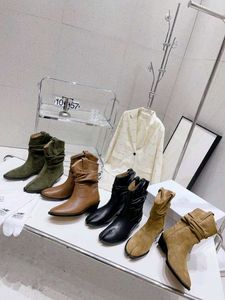 Designer de luxo botas de tornozelo senhora botas maisons margiela sapato casual alta corte tênis mulher espuma corredor plana treinador botas de camurça sapatos de dedo do pé dividido com meias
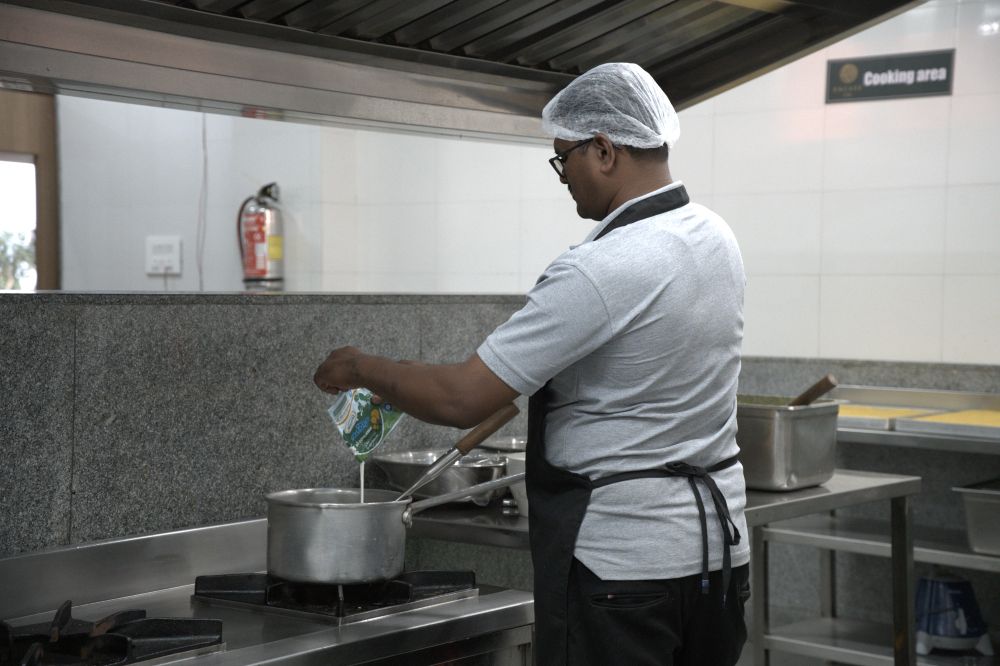 Community Kitchen & Dining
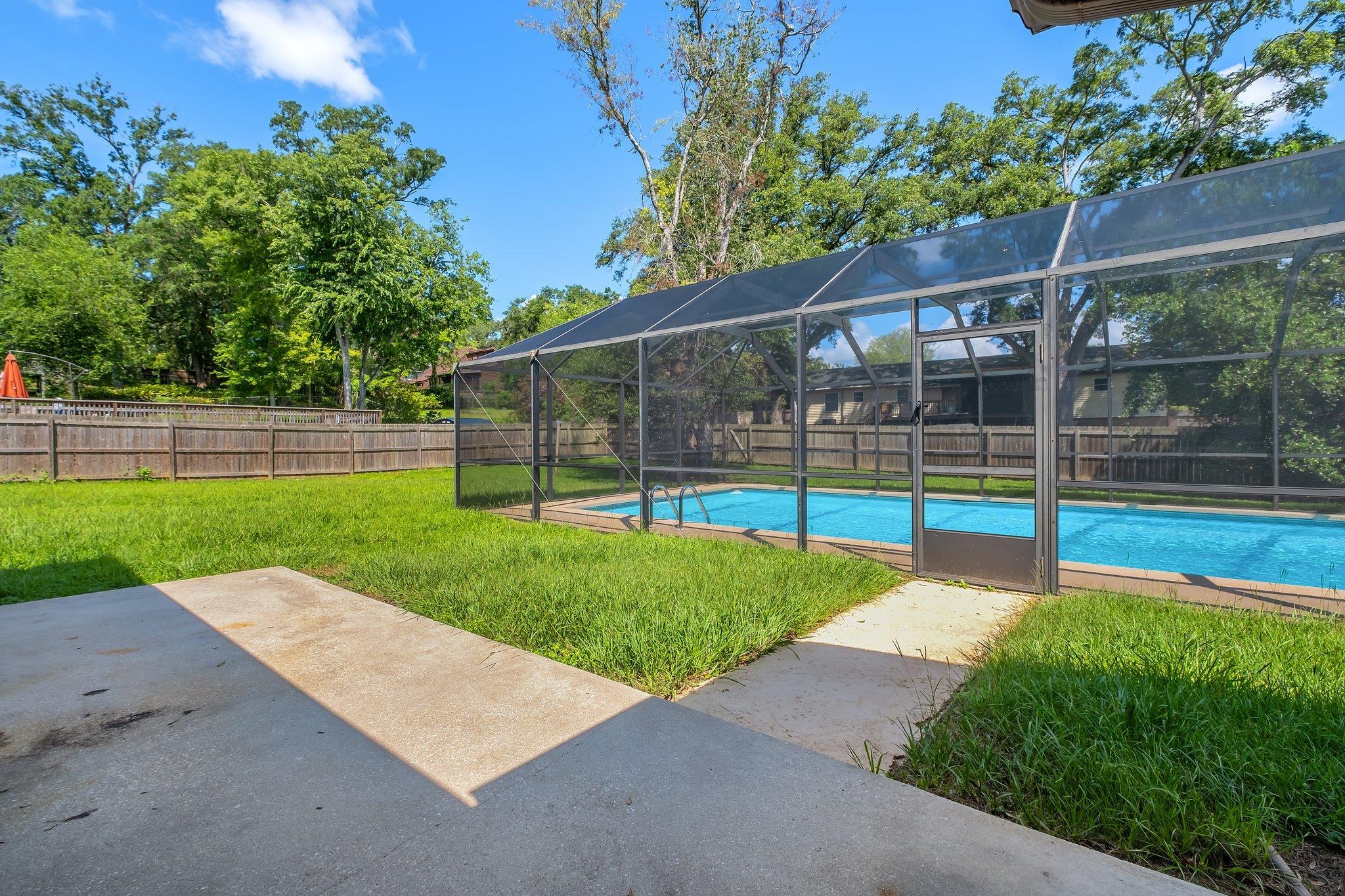 4054 Mcleod Drive, Tallahassee, Florida image 17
────
= TASK TO CARRY OUT =
In the listing above, find the line containing "Community Kitchen & Dining" and restate it and every later line verbatim, with the pictures left out.

= ANSWER TO THIS EXERCISE =
 Community Kitchen & Dining
 4054 Mcleod Drive, Tallahassee, Florida image 17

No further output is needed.